No I don't.  I replaced Safari months ago with Perfect Browser ($0.99), which bests it in every way.  Including offering in-page search, hyper-scroll, bookmarking, changing user agents (nice for defeating sites that like to force you to the mobile page), and a ton of other things.

Safari is now in a folder on the last page of my springboard titled "Useless", along with most of the other preloaded apps like Weather, SMS, Stocks, etc.


----------



## Betsy the Quilter (Oct 27, 2008)

Perfect Browser looks to be $2.99 for iPad and $1.99 for iPhone?  Is that the one?  Safari doesn't bother me enough right now to want to pay $3 to replace it (so spoiled by the cheap apps  ) on my iPad. Perfect browser does sound cool, though.  Going to check out for future purchase possibility off a gift card.

Betsy


----------



## geko29 (Dec 23, 2008)

That is indeed the one Betsy--looks like it's gotten more expensive since I bought it, or maybe I got it on sale. However, since you have both an iPhone and iPad, you may want to consider 



 instead, which IS $0.99, and is a universal binary (so you only have to buy it once). The featureset is very similar, and though I've never used it, my boss has it and really likes it.


----------



## VictoriaP (Mar 1, 2009)

I use Atomic as well, especially for the tabbed browsing feature...but the fact is that if I open a link from Mail, for example, or most other apps, it's going to open in Safari by default. It's become easier for me to just stay in Safari most of the time, and use Atomic basically to either emulate another browser or when I badly need the ad blocking functions.

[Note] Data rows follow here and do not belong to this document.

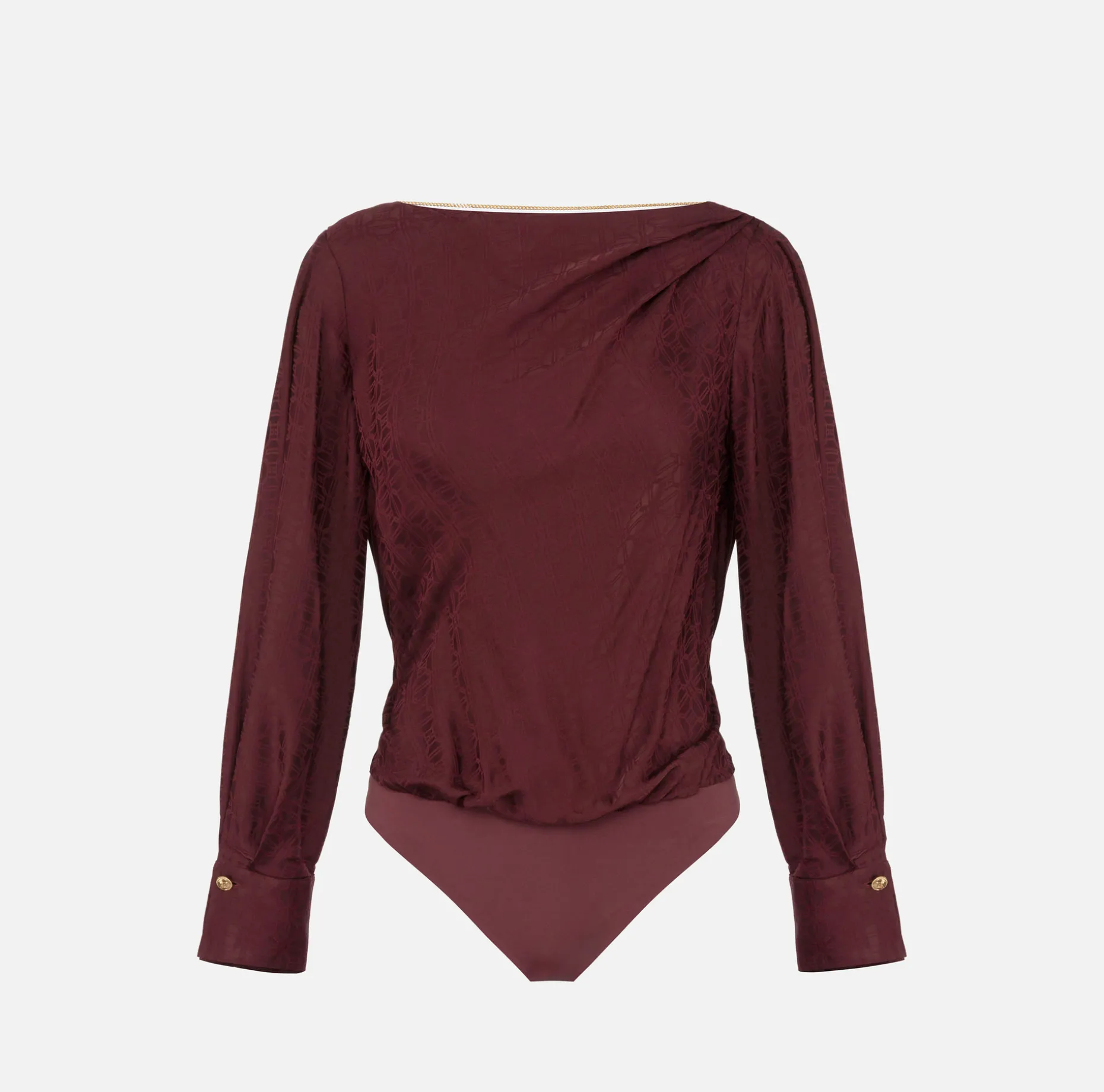 Elisabetta Franchi Shirts And Blouses | Top And T-Shirts | Bodysuit-style blouse in jacquard satin fabric with necklace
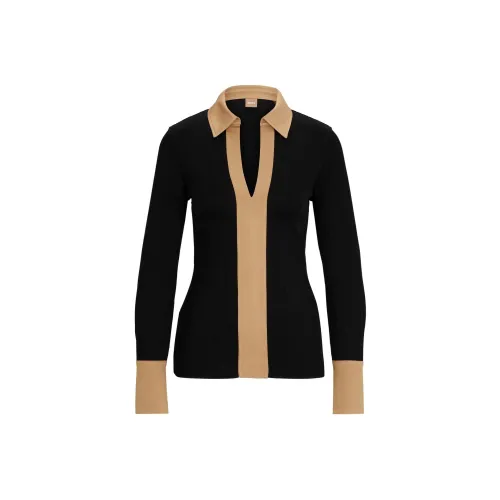 HUGO BOSS Ribbed Long-Sleeved Blouse With Johnny Collar Shirt Women's Black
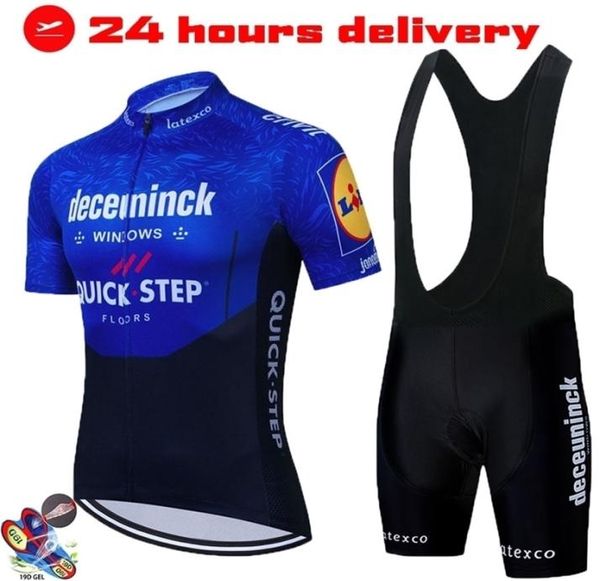 Image of Quick Step Pro Bicycle Team Short Sleeve Maillot Ciclismo Mens Cycling Jersey Kits Summer breathable Cycling Clothing Sets 2206152195117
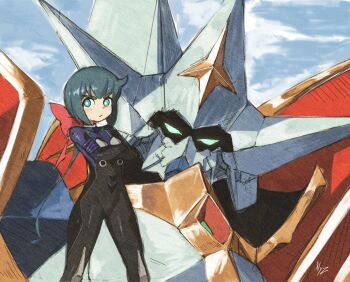 1girl black_bodysuit black_hair blue_bodysuit bodysuit bow cloud cloudy_sky commentary constanze_amalie_von_braunschbank-albrechtsberger crossed_arms green_eyes hair_bow highres little_witch_academia looking_at_viewer mecha mecha_pilot_suit mecha_request multicolored_bodysuit nagilamagykalz red_bow robot short_hair signature sky solo standing two-tone_bodysuit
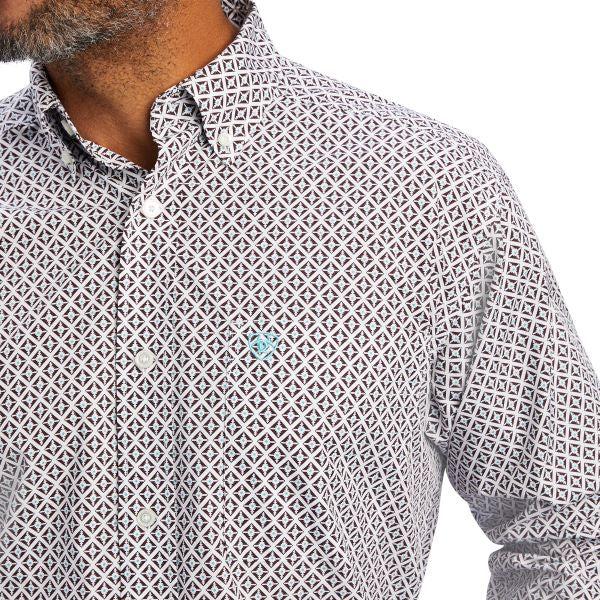 Ariat White Finleigh Classic Fit Shirt With Geometric Plaid 10041742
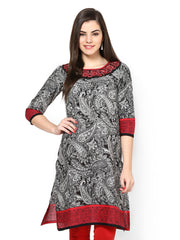 Eavan Women Black &amp; White Printed Kurta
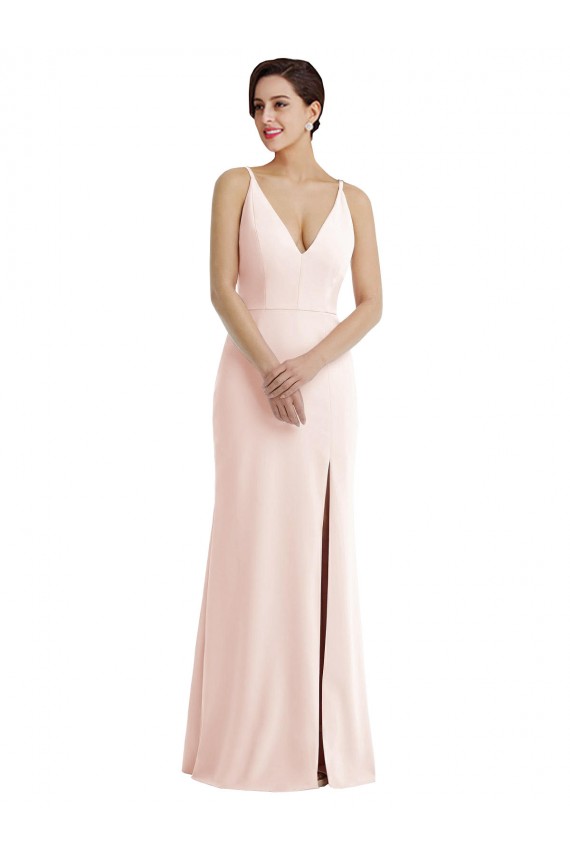 Discount Skinny Strap Deep V-Neck Trumpet Formal Crepe Bridesmaid Dress / Prom Dress with Front Slit UK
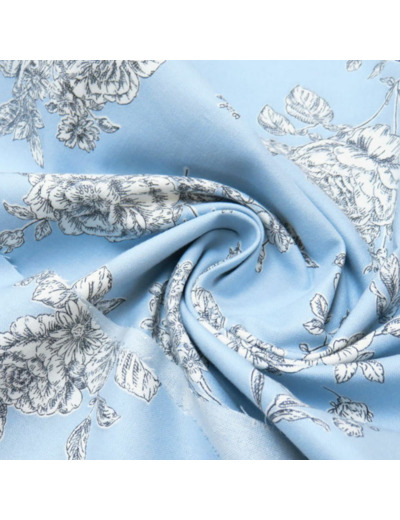 Tissu Patchwork "Quilt Gate" à Motif Gros Fleurs Sur le Fond Bleu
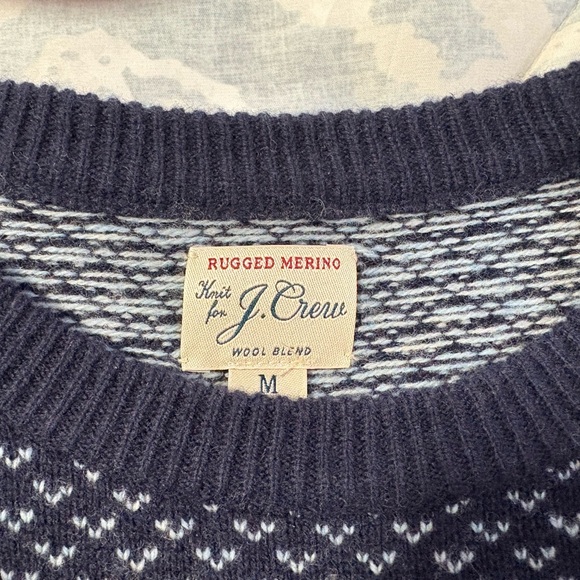 J. Crew Men's Navy and White Crewneck Sweater - Picture 2 of 3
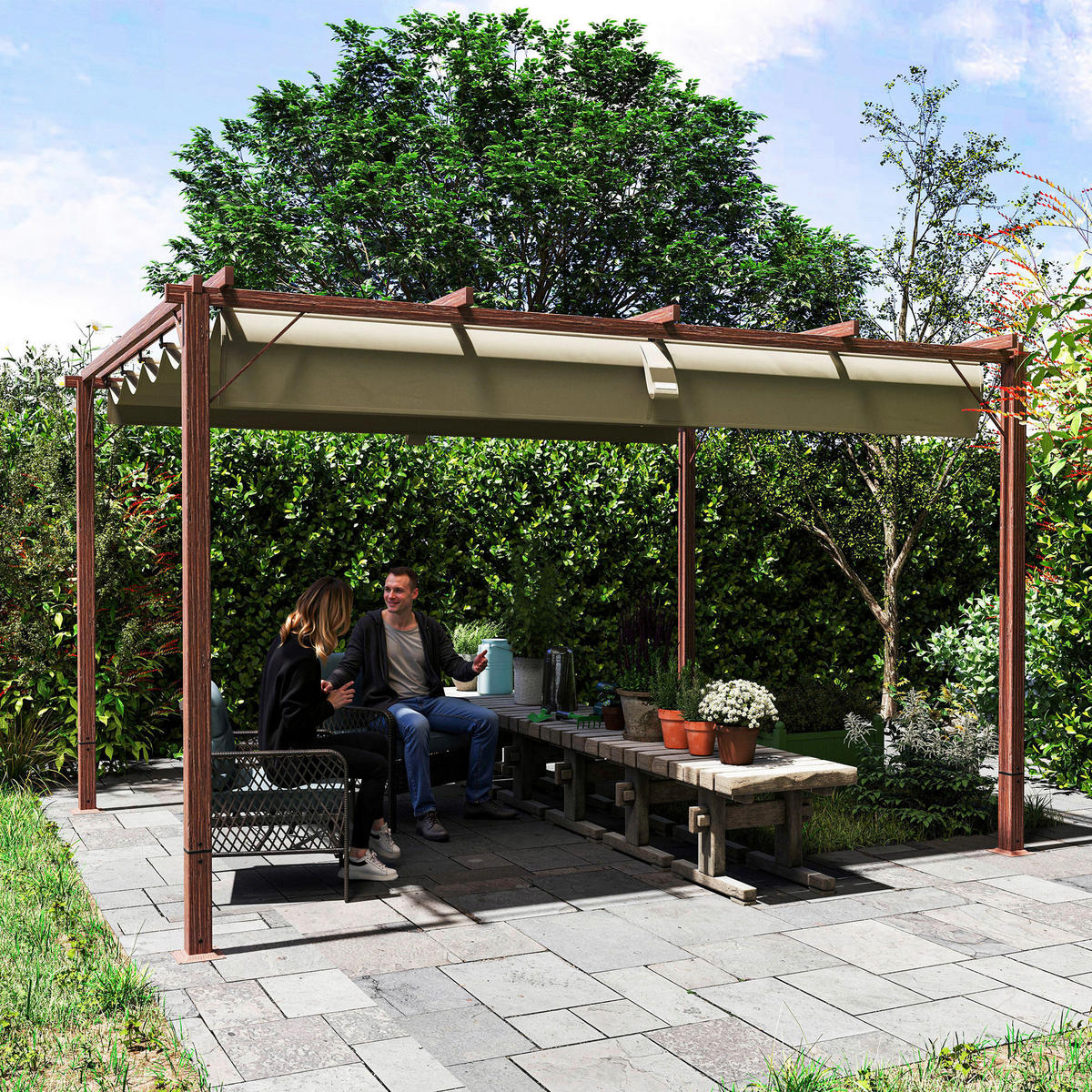 Outsunny Pergola natur Aluminium B/H/L: ca. 300x232x382 cm Pergola - natur (382,00/300,00/232,00cm) - Outsunny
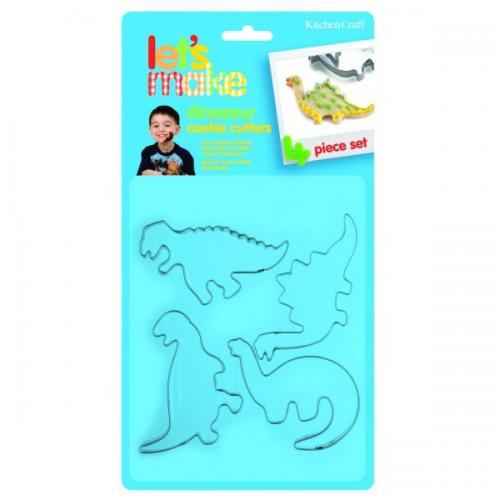 KitchenCraft - Set van 4 dinosaurus uitstekers - Let's Make | Kitchen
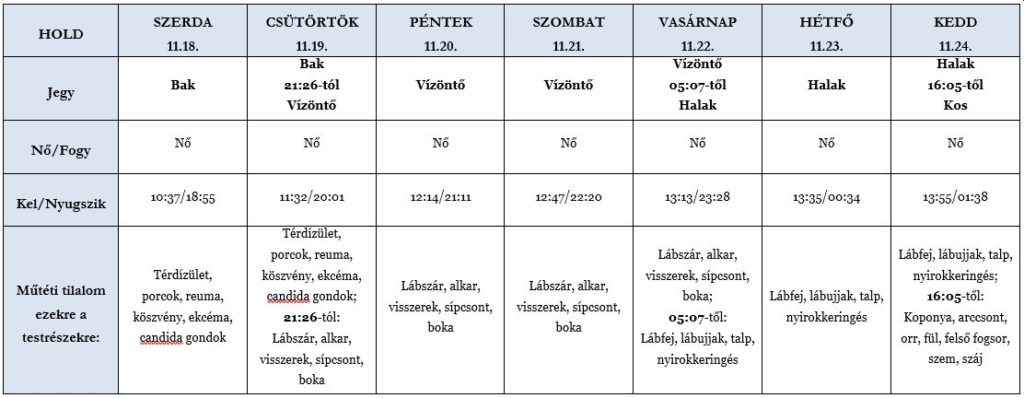 Heti holdhoroszkóp táblázat 2020. 11. 18–24.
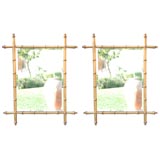 Pair of faux-bamboo mirrors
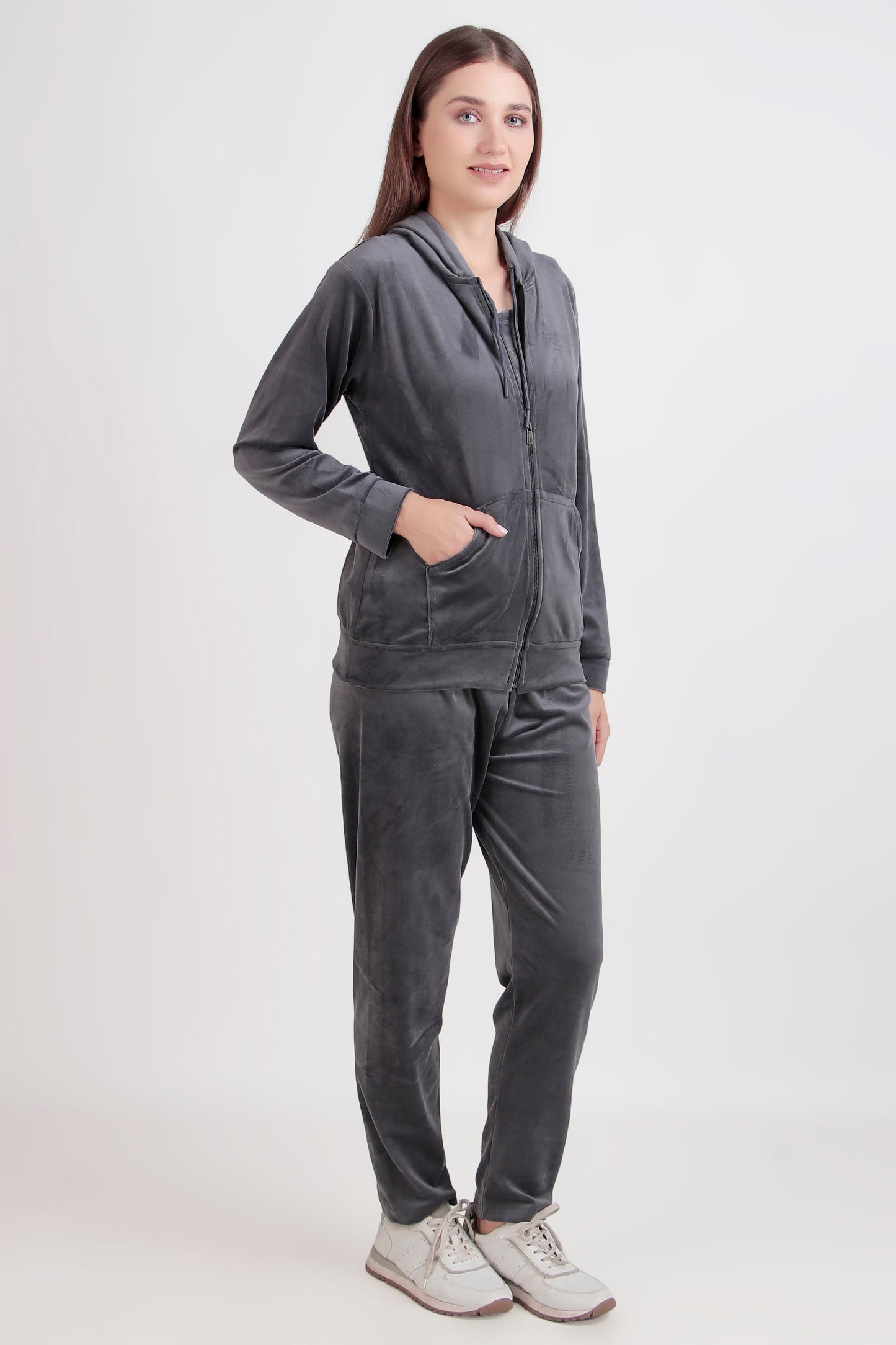 Velvet 3-Piece Tracksuit Set with Inner, Jacket and Pyjama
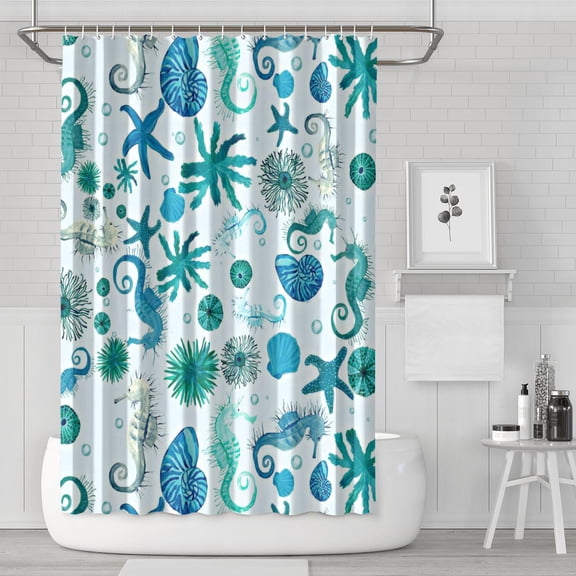 Coastal Seahorse Shower Curtain with Tropical Marine Life Design, Nautical Cartoon Print Featuring Fish, Seaweed, Shells, Waves, and Ocean Creatures, Waterproof Fabric with Hooks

So it's been nice to have a way to bring at least *some* badly needed functionality to Safari! LOL


----------



## geko29 (Dec 23, 2008)

Ahh, see, I use Browser Changer to set my default browser to Perfect Browser, so I actually don't have to use Safari at all, even if I click a link in another app (mail, most frequently).


----------



## Betsy the Quilter (Oct 27, 2008)

geko29 said:


> That is indeed the one Betsy--looks like it's gotten more expensive since I bought it, or maybe I got it on sale. However, since you have both an iPhone and iPad, you may want to consider
> 
> 
> 
> instead, which IS $0.99, and is a universal binary (so you only have to buy it once). The featureset is very similar, and though I've never used it, my boss has it and really likes it.


I only have the iPad; I was just mentioning the iPhone version of Perfect Browser as I didn't know what version you were using. I actually have Atomic Web, but didn't love it enough to use it. I'm kinda used to Safari at this point. I may try AW again sometime.

Betsy


----------



## VictoriaP (Mar 1, 2009)

geko29 said:


> Ahh, see, I use Browser Changer to set my default browser to Perfect Browser, so I actually don't have to use Safari at all, even if I click a link in another app (mail, most frequently).


Cydia, I'm guessing? And here I'm trying NOT to JB the iPad.


----------



## geko29 (Dec 23, 2008)

VictoriaP said:


> Cydia, I'm guessing? And here I'm trying NOT to JB the iPad.


Cydia indeed. I wouldn't be doing my part as a KB member if I wasn't trying to enable someone.


----------